Mexican economy should be growing 5 percent by 2016

reuters.com
MEXICO CITY
Thu Jan 9, 2014 10:40am EST


MEXICO CITY Jan 9 (Reuters) - Mexico's economy should grow by more than 5 percent per year in the second half of President Enrique Pena Nieto's 2012-2018 administration thanks to economic reforms, Finance Minister Luis Videgaray said on Thursday.
In 2013, Congress passed a series of measures aimed at lifting Mexican growth, which has lagged that of regional peers for years. The reforms stretched from the telecoms sector and tax changes to ending the country's 75-year-old oil monopoly.

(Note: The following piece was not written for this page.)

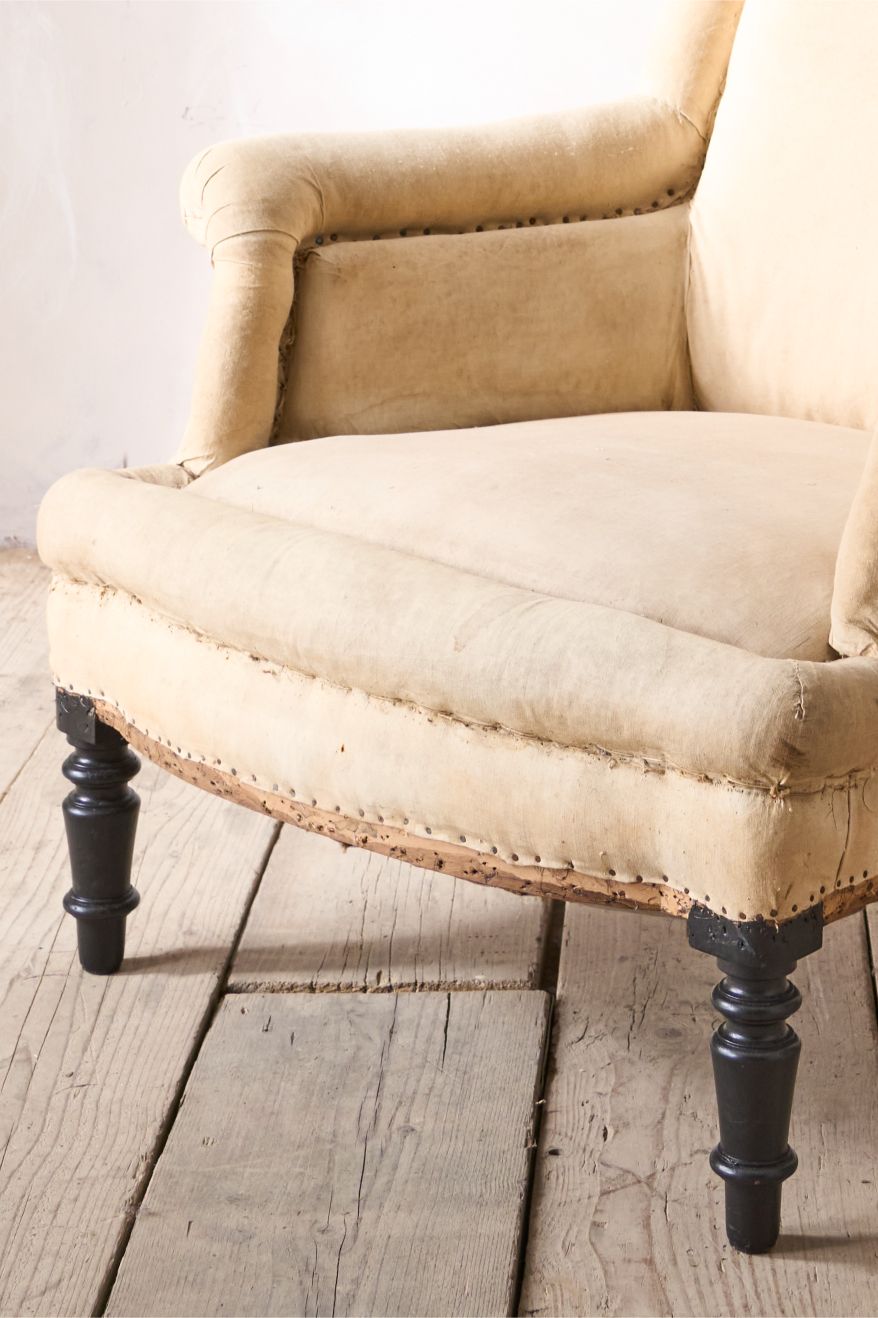 Napoleon III piecrust armchair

"We expect that once these reforms are applied we'll get to the second part of President Enrique Pena Nieto's administration growing consistently above five percent," Videgaray told Mexican broadcaster Televisa in a wide-ranging interview.

Pena Nieto, 47, took office in December 2012 and is due to serve a single six-year term. The mid-point is December 2015.

The government has forecast growth of nearly four percent in 2014 after a sharp economic slowdown last year. Final data for 2013 have yet to be published, but analysts' forecasts suggest Latin America's no. 2 economy expanded about 1.3 percent.

Congress must still pass so-called secondary laws to implement the energy reform and the sweeping shake-up of the telecoms sector, which among other things aims to curb the power of billionaire Carlos Slim's telephone giant America Movil .

Implementing the reforms is the "greatest challenge" now facing Mexico, central bank governor Agustin Carstens told newspaper El Financiero in an interview published on Thursday.

Videgaray was confident that consumers and small and medium-sized businesses would start to feel the benefits of the telecoms reform from 2015 in the form of lower mobile phone costs. "Without doubt, due to competition," he said.

Turning to the energy reform, the finance minister said Mexico needed to find $20 billion to $30 billion in additional investment per annum for the energy sector.

"We hope it'll come with the energy reform," he said.

Crude output in Mexico has fallen by more than a quarter since hitting a peak of 3.4 million barrels per day in 2004.